Test Contracts Across Adapters

Define ingestion intent once. Run it natively anywhere.

This page shows the USGS GeoJSON medallion ingestion reused across Databricks, AWS and Snowflake. The contract set keeps the business intent, quality rules, write behavior and medallion outputs the same. The few differences are contract parameters needed to bind the same intent to each adapter's native source, table names, SQL references and storage options.

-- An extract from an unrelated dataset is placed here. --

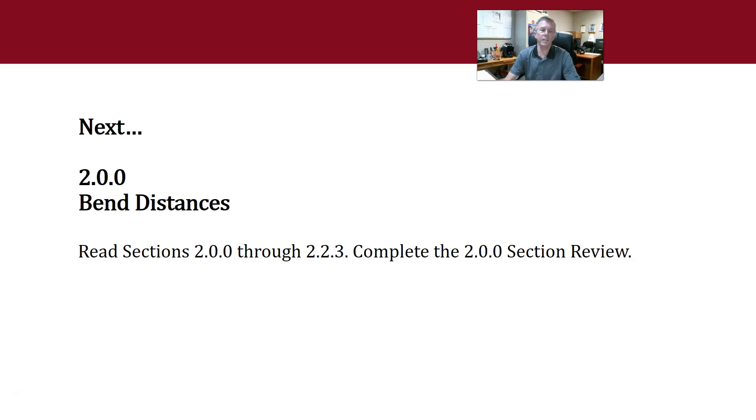All right, that's it for that section. Next will be Section 2.00, Bend Distances, and I will see you over there.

The point of this page is contract reuse: the same medallion contract family is carried across adapters, and only the minimal platform bindings change.

Reused Contract Set

ContractShared ingestion intent
bronze_usgs_geojson.ingestion.yamlRead the USGS 2.5 day GeoJSON payload into one raw response row with raw_response and response_page_number.
silver_usgs_events.ingestion.yamlParse features[], produce one row per earthquake event, derive event fields, filter invalid event ids and deduplicate by earthquake_id.
gold_usgs_daily_summary.ingestion.yamlAggregate silver events by event_date with event counts, tsunami counts, magnitude/depth metrics, reporting networks and latest update time.
gold_usgs_magnitude_bands.ingestion.yamlAggregate silver events by magnitude_band and event_type with event counts, magnitude metrics and first/latest event times.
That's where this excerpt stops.